Untrennbarer Zusammenhang von Klage und Widerklage. Einheitliche gerichtliche Entscheidung. Ausschluss von Teilgrundurteil ohne Grundurteil

 

Leitsatz (amtlich)

Hängen Klage und Widerklage von derselben Vorfrage ab und kann über die Klage ein Grundurteil nicht ergehen, so kommt auch hinsichtlich der Widerklage ein Teilgrundurteil nicht in Betracht.
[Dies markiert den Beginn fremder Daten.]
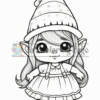 A cute, cartoon-style girl with long hair, wearing a polka dot hat, a dress, and boots, standing ready to be colored.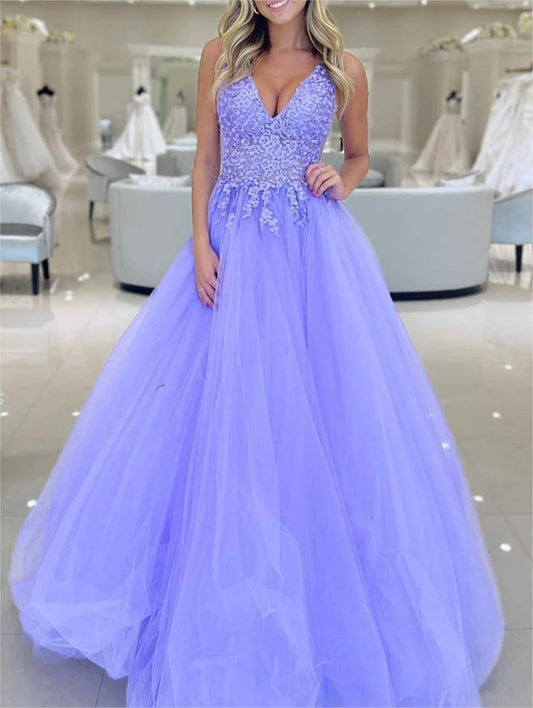 Women A-Line Lace Prom Dresses Long V Neck Appliques Evening Gowns Sleeveless Formal Party Dress YPD649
Eine Zurückverweisung nach § 538 Abs. 1 Nr. 3 ZPO a.F. scheidet deshalb aus.

 

Normenkette

ZPO §§ 301, 304, 538 Abs. 1 Nr. 3 a.F.

 

Verfahrensgang

OLG Köln (Urteil vom 29.05.2001; Aktenzeichen 15 U 135/00)

LG Köln

 

Tenor

Auf die Revisionen der Klägerin und der Beklagten wird das Teilurteil und Teil-Grundurteil des 15. Zivilsenats des OLG Köln v. 29.5.2001 aufgehoben.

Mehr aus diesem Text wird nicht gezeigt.